According to the judge, Delta dragged their feet, taking far too long to produce the emails and allow them to be entered into evidence. US District Court Judge Timothy Batten blamed Delta’s “ineptitude and missteps” for unacceptable delays.
“Ineptitude” is not the word consumers want attached to their air travel provider. But that’s not the worst news for Delta.
According to the court filings, a group of passengers said that Delta and AirTran conspired to impose baggage fees. According to the suit, the two competitors put their heads together and decided to each begin charging fees for initially checked baggage.
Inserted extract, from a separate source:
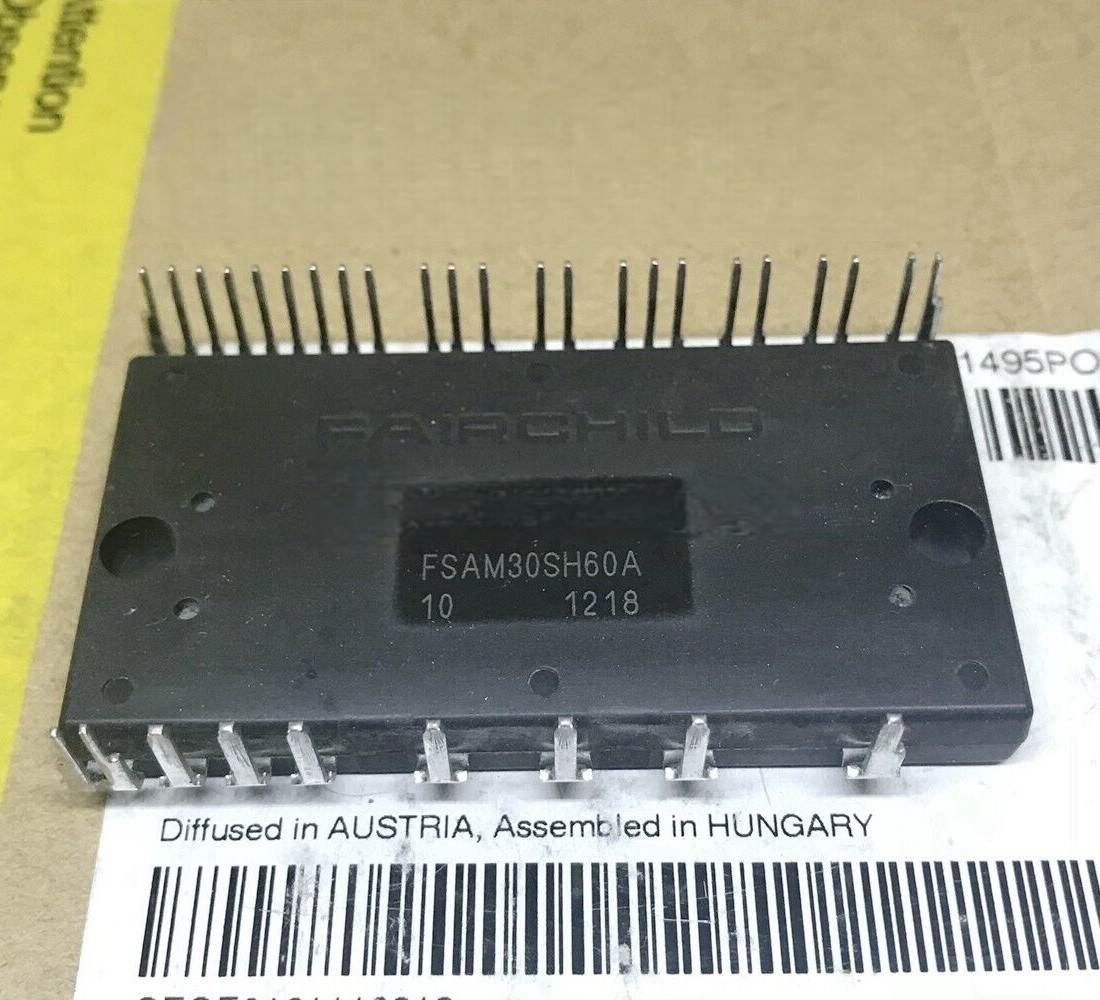 1PCS FSAM30SH60A Power Module New Fast Shipping *lj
The claim may seem spurious, but since Delta collected more than $860 million in checked-bag fees last year, consumers are paying attention. Bag fees continue to be a hot – and contentious – topic in the air travel industry. Consumers hate the fees, which they see as unfair taxes on air travel. Airlines argue the fees are necessary to remain profitable. Neither side seems willing to bend.
This could be a classic case of something new that people just haven’t become accustomed to. Nearly every fee or tax we have today was initially vigorously opposed but eventually accepted as “normal” by a generation who knew no different. There may come a time when consumers don’t bat an eye about paying a baggage fee. But that is not today.
However, the debate also offers an opportunity. Competing airlines have worked to win consumer loyalty by axing or reducing bag fees. For some, it worked. But only if the airline didn’t have other downsides consumers hated more. That’s an important lesson in today’s Instant PR culture. One-off gimmicks might put butts in the seats, but that might not pay off if those customers don’t enjoy the experience.